Portland Poised to Lead the Nation Again in 2017. As we near the end of the second month of 2017, we see a strong consensus among all market forecasters that Portland housing prices will be among the nationwide leaders again. Look to Portland, Seattle, and Denver, as last year, to lead the pack.
How Much of a Good Thing? Industry experts predict that Portland home values won’t rise as fast as they have over the past two years, but Portland will still outpace the national average. The drumbeat – strong demand and limited supply – will produce anywhere from 5.5% home appreciation in our Portland market, according to Zillow (https://www.zillow.com/portland-or/home-values/), to as much as 11.1%, according to Veros Real Estate Solutions, a company that specializes in property valuations and analytics. The National Association of Realtors is hanging with Zillow and forecasts that the Portland market will see 6.6% price appreciation this year.
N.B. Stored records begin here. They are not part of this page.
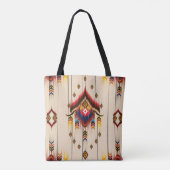 Abstract ethnic geometric pattern, Ikat geometric トートバッグ (裏面)
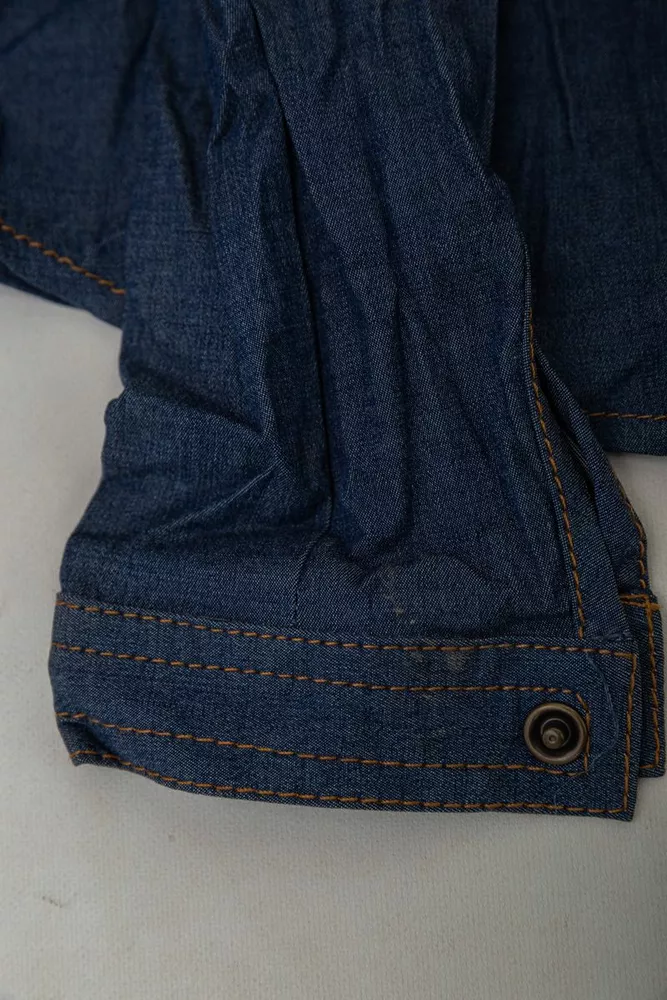 Купити Сорочка жіноча однотонна  -уцінка, колір синій, 230R069-U-30 - Фото №6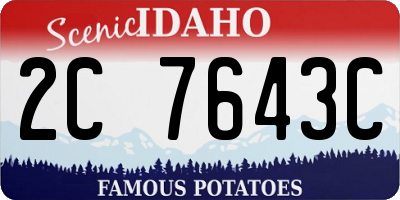 ID license plate 2C7643C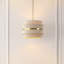 Luminaire suspendu géométrique à 3 lumières Abbington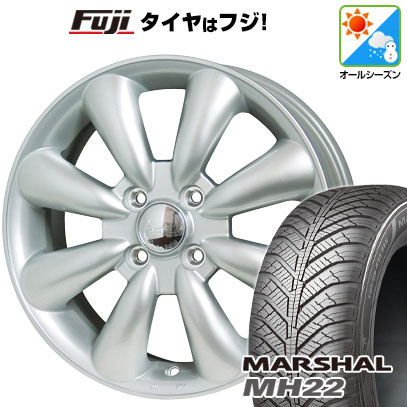 【新品 軽自動車】N-BOX タント スペーシア オールシーズンタイヤ ホイール4本セット 155/65R14 クムホ マーシャル MH22  オールシーズン(限定) ホットスタッフ ララパーム KC-8 14インチ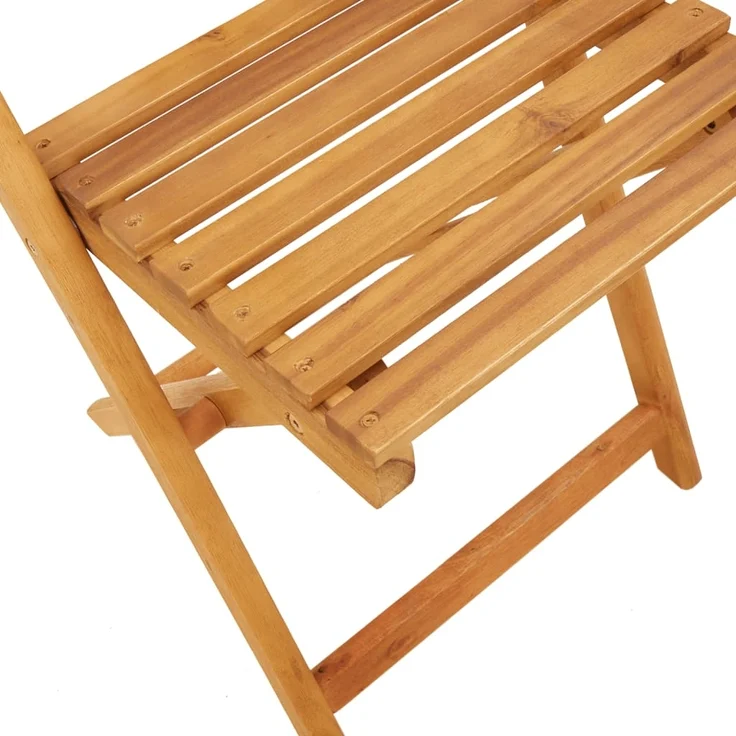 vidaXL Gartenstühle 4 Stk. Klappbar Grau Massivholz Akazie 3214604 – Bild 7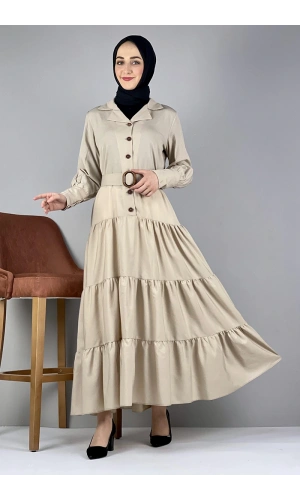 Moda Çizgi Tesettür Elbise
It’ll be fun to see whose prediction wins out when we review the numbers next February.
Just What’s Pushing Our Market Ahead of the Pack? The Portland and Seattle markets are benefiting from robust economies, growing populations, and continuing low inventories of for-sale homes.
Here in Portland the economy is in full swing. The unemployment rate, at 4.6%, is the lowest we’ve seen here since those halcyon dot com days back at the end of the last century. The job market’s strong and growing at 3.5%. Take note: economic growth is no longer limited to just high tech industry; instead, it’s spread across a wide spectrum of different industries. Our economy is more diversified than at any time in the State’s history, and with broad diversity there’s greater economic stability.
And people are continuing to stream into the Metro area: the most recent data from the US Census Bureau shows we added 40,621 new residents from 2014 to 2015. That’s 4.6 people per hour, 24 hours a day, 365 days a year.
Housing supply on the other hand has not kept its pace with our growing population. Doh. We’ve not seen more than two months’ inventory of for-sale homes since March 2015, and even with all the multi-family housing starts we’re seeing here, we’re not likely to see any significant improvement in housing inventories for at least another two years.
Anything Scary Further On Down the Road? Well, no, apparently not in the short term. Interest rates are predicted to remain well within reason for the year, with most analysists putting the year-end mark at 4.75 – 5.0% for the conventional 30-year fixed rate mortgage. Pat Stone, Chairman and CEO of Williston Financial Group (WFG) and WFG National Title Insurance Co., spoke before a group of Realtors last week and said the outlook for the Northwest, regardless of whatever may come down from Washington this year, points to a robust market “at least” all the way through the first half of 2018. We’re on board with Pat.